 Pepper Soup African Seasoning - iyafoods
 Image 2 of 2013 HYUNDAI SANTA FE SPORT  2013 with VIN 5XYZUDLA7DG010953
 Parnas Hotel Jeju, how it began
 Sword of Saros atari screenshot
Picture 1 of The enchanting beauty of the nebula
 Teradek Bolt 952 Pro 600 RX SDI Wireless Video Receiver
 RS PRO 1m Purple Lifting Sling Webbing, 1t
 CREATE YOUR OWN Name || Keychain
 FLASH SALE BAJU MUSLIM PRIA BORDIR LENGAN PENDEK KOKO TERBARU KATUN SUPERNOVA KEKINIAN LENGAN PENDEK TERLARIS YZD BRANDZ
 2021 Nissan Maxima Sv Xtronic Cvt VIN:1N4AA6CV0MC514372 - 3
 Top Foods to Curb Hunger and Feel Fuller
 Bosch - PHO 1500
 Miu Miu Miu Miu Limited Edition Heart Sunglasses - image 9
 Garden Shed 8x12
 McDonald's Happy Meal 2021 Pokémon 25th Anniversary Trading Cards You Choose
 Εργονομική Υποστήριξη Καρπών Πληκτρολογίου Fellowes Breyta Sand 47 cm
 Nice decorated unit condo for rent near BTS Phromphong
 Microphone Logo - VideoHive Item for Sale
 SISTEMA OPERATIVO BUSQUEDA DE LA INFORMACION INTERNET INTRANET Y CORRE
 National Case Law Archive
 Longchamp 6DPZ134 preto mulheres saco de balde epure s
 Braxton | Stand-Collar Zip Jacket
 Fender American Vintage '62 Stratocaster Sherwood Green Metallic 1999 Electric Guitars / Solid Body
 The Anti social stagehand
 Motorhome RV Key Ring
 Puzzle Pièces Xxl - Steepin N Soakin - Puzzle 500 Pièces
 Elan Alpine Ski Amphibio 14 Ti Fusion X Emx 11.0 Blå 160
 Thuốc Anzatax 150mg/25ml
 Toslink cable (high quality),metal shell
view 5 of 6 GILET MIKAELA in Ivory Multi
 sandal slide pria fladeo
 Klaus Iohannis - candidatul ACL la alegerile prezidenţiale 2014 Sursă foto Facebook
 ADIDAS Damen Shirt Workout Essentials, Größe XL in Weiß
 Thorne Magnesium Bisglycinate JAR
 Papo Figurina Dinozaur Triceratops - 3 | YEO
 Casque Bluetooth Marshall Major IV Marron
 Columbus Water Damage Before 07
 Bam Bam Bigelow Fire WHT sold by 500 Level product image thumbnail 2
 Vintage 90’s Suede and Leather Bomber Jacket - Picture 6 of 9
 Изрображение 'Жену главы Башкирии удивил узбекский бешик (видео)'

^^^^^^^^^^^^^^^^

Output each entry precisely as given.

 Pepper Soup African Seasoning - iyafoods
 Image 2 of 2013 HYUNDAI SANTA FE SPORT  2013 with VIN 5XYZUDLA7DG010953
 Parnas Hotel Jeju, how it began
 Sword of Saros atari screenshot
Picture 1 of The enchanting beauty of the nebula
 Teradek Bolt 952 Pro 600 RX SDI Wireless Video Receiver
 RS PRO 1m Purple Lifting Sling Webbing, 1t
 CREATE YOUR OWN Name || Keychain
 FLASH SALE BAJU MUSLIM PRIA BORDIR LENGAN PENDEK KOKO TERBARU KATUN SUPERNOVA KEKINIAN LENGAN PENDEK TERLARIS YZD BRANDZ
 2021 Nissan Maxima Sv Xtronic Cvt VIN:1N4AA6CV0MC514372 - 3
 Top Foods to Curb Hunger and Feel Fuller
 Bosch - PHO 1500
 Miu Miu Miu Miu Limited Edition Heart Sunglasses - image 9
 Garden Shed 8x12
 McDonald's Happy Meal 2021 Pokémon 25th Anniversary Trading Cards You Choose
 Εργονομική Υποστήριξη Καρπών Πληκτρολογίου Fellowes Breyta Sand 47 cm
 Nice decorated unit condo for rent near BTS Phromphong
 Microphone Logo - VideoHive Item for Sale
 SISTEMA OPERATIVO BUSQUEDA DE LA INFORMACION INTERNET INTRANET Y CORRE
 National Case Law Archive
 Longchamp 6DPZ134 preto mulheres saco de balde epure s
 Braxton | Stand-Collar Zip Jacket
 Fender American Vintage '62 Stratocaster Sherwood Green Metallic 1999 Electric Guitars / Solid Body
 The Anti social stagehand
 Motorhome RV Key Ring
 Puzzle Pièces Xxl - Steepin N Soakin - Puzzle 500 Pièces
 Elan Alpine Ski Amphibio 14 Ti Fusion X Emx 11.0 Blå 160
 Thuốc Anzatax 150mg/25ml
 Toslink cable (high quality),metal shell
view 5 of 6 GILET MIKAELA in Ivory Multi
 sandal slide pria fladeo
 Klaus Iohannis - candidatul ACL la alegerile prezidenţiale 2014 Sursă foto Facebook
 ADIDAS Damen Shirt Workout Essentials, Größe XL in Weiß
 Thorne Magnesium Bisglycinate JAR
 Papo Figurina Dinozaur Triceratops - 3 | YEO
 Casque Bluetooth Marshall Major IV Marron
 Columbus Water Damage Before 07
 Bam Bam Bigelow Fire WHT sold by 500 Level product image thumbnail 2
 Vintage 90’s Suede and Leather Bomber Jacket - Picture 6 of 9
 Изрображение 'Жену главы Башкирии удивил узбекский бешик (видео)'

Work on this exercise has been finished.